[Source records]
-- Opening Marker --

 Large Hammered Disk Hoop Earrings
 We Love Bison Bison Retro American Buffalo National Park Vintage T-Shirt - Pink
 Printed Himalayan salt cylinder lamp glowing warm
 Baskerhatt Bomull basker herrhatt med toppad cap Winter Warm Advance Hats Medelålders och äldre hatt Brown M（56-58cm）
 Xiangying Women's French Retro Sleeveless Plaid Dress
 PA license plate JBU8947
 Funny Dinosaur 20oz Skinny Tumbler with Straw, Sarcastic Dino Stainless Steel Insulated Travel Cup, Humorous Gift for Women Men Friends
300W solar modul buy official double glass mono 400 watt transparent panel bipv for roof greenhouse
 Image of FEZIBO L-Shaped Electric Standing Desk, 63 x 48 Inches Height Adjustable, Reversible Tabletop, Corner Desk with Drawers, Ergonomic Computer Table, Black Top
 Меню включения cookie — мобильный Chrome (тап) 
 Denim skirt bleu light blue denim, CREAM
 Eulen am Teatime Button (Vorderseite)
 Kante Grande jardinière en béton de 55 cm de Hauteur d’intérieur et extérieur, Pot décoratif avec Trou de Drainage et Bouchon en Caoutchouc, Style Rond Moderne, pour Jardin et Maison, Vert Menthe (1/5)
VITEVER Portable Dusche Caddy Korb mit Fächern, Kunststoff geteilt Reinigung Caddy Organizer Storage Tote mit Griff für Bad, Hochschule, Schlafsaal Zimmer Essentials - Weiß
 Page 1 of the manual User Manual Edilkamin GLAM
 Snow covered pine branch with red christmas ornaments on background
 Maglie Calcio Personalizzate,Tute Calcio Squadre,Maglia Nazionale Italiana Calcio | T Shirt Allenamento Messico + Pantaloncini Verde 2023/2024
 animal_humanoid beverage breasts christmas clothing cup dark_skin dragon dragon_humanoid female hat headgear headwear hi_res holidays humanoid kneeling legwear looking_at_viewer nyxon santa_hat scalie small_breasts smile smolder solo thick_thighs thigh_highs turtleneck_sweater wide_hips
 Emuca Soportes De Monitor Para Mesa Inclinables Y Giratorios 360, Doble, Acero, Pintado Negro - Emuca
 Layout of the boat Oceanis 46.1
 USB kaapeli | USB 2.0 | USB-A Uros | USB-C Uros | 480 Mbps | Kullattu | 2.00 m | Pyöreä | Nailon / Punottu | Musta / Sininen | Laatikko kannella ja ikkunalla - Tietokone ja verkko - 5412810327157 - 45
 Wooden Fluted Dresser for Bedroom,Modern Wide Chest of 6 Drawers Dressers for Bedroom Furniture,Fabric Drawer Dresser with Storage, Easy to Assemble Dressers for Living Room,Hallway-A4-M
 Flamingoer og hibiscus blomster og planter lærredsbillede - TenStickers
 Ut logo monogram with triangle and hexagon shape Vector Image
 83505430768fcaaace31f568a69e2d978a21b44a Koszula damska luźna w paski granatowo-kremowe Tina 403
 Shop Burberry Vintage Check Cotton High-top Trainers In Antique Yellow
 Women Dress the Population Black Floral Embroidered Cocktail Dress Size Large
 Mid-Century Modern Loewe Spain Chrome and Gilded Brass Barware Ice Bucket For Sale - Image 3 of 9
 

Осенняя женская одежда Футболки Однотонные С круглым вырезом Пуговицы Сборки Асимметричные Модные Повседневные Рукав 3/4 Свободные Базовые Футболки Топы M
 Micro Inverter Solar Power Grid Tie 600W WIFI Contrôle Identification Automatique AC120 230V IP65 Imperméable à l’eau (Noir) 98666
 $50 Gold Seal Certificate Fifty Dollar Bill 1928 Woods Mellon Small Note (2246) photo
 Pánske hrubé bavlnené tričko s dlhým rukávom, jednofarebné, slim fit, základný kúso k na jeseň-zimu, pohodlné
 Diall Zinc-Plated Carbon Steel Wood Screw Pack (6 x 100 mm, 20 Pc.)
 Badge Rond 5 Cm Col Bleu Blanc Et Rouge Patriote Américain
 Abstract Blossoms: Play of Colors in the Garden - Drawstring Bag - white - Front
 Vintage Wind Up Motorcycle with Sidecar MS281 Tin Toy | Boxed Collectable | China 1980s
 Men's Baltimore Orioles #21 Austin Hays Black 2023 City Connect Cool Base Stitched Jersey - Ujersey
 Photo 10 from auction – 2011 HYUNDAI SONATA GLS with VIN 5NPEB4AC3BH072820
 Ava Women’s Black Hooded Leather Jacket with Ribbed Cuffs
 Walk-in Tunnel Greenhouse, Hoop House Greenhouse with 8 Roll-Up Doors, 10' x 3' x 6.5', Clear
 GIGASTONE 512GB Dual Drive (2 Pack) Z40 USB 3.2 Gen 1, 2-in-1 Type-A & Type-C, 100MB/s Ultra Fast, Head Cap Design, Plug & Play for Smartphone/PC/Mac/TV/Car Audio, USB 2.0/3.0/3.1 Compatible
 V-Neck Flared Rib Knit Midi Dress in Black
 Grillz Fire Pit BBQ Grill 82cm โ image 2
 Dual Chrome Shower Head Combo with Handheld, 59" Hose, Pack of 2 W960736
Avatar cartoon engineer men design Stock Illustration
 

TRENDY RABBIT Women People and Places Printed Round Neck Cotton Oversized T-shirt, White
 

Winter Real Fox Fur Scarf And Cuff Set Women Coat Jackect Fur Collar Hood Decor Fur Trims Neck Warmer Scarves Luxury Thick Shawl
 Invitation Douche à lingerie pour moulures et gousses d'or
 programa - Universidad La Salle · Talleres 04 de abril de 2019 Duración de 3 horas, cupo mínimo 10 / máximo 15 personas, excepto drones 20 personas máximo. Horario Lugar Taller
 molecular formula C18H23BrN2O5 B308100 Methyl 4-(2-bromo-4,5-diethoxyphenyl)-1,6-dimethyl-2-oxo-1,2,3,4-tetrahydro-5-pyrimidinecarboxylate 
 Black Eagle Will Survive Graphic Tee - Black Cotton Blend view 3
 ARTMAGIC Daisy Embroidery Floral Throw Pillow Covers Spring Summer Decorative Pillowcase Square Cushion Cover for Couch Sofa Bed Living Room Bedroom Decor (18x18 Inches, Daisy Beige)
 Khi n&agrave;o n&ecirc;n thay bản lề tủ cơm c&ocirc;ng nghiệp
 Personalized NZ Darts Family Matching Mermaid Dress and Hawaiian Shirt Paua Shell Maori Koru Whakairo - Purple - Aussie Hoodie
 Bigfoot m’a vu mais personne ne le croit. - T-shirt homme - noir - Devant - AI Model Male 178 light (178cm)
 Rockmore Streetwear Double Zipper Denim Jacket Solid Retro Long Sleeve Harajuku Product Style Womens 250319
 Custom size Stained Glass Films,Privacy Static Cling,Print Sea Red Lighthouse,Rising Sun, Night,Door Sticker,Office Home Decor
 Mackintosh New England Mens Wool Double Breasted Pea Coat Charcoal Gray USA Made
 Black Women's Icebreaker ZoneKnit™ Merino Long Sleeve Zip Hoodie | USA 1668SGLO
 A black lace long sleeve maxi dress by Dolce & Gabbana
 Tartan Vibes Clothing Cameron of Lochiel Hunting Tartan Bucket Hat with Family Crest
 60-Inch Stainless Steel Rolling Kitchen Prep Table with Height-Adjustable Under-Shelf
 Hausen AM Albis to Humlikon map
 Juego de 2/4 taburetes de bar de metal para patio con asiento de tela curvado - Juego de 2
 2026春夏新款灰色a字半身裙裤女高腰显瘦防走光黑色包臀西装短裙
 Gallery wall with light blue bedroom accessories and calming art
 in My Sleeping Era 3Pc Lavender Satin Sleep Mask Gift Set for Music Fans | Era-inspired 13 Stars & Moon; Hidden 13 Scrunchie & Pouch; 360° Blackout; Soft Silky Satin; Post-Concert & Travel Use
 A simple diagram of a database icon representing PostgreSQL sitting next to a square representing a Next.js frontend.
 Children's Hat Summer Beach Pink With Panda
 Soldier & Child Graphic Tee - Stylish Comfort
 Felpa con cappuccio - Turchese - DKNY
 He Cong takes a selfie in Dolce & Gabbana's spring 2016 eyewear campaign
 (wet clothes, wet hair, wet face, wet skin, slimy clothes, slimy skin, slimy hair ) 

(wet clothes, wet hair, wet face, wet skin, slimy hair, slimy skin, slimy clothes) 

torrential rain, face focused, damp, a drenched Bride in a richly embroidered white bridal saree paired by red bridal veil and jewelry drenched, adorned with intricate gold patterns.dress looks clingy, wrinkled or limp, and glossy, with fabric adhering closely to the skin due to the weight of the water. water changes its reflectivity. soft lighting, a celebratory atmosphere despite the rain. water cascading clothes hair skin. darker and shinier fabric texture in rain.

-- Closing Marker --

◆ **Exercise objective**:
Search the entries for "Drawers" and copy each matching line.

◆ **Task response**:
 Image of FEZIBO L-Shaped Electric Standing Desk, 63 x 48 Inches Height Adjustable, Reversible Tabletop, Corner Desk with Drawers, Ergonomic Computer Table, Black Top
 Wooden Fluted Dresser for Bedroom,Modern Wide Chest of 6 Drawers Dressers for Bedroom Furniture,Fabric Drawer Dresser with Storage, Easy to Assemble Dressers for Living Room,Hallway-A4-M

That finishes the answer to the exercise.